Merenptah reinó unos diez años (1212-1202); de edad avanzada cuando fue coronado, vivió en Pi-Ramsés, en el delta, cumplió su papel de constructor en todo el país y, como sus predecesores, hizo edificar su «templo de los millones de años» en la orilla occidental de Tebas.
El papel principal de este experimentado monarca, que había tenido la oportunidad de aprender a gobernar, fue defender su país contra una temible tentativa de invasión. En el año 5 de su reinado, «los pueblos del mar», coalición indoeuropea en la que predominaban anatolios y egeos, se lanzaron sobre las ricas tierras del delta con la intención de instalarse en ellas. El ejército egipcio, valeroso y bien organizado, consiguió contener la oleada; sin poder garantizar las cifras, se estima que una decena de miles de muertos quedó en el campo de batalla y que los soldados de Faraón hicieron un número semejante de prisioneros.
El problema del Éxodo
Bajo el reinado de Merenptah aparece, en una estela, la más antigua mención de Israel en un texto jeroglífico. Israel se considera como una tribu sumisa que no causa ningún trastorno particular al orden establecido.

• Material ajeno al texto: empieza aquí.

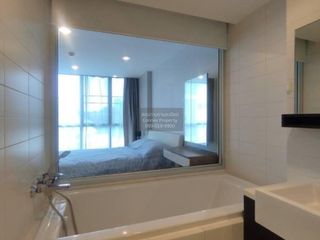 For rent 1 bed condo in Phaya Thai, Bangkok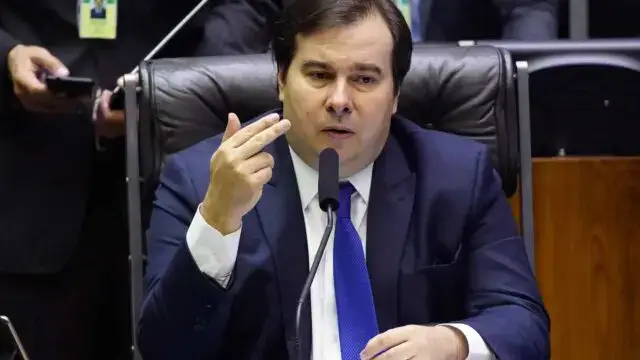 Câmara de deputados acusa governo brasileiro de brincar com a morte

Desde el punto de vista judío, el Éxodo es un acontecimiento considerable; desde el punto de vista egipcio, no ocurrió nada. Los escribas, que sin embargo tenían la costumbre de anotarlo todo, no hablan de una salida masiva de los hebreos de Egipto. Por lo que se refiere al exterminio de un ejército egipcio y a la derrota de un faraón junto al mar Rojo, ningún documento los menciona. El Éxodo, que probablemente no tiene fundamentos históricos, pertenece al mito. Los hebreos no eran esclavos sino asalariados que se ocupaban, en parte, de un sector clave de la economía egipcia: la fabricación de los ladrillos utilizados en la construcción de casas y palacios. Algunos ocupaban puestos importantes en la Corte. Salomón, deseoso de forjar una civilización duradera y de establecer la paz en el Oriente Próximo, no considerará a Egipto un enemigo y lo adoptará, incluso, como modelo. La película de Cecil B. De Mile, Los diez Mandamientos, es uno de los más deplorables engaños en technicolor que nunca se haya producido.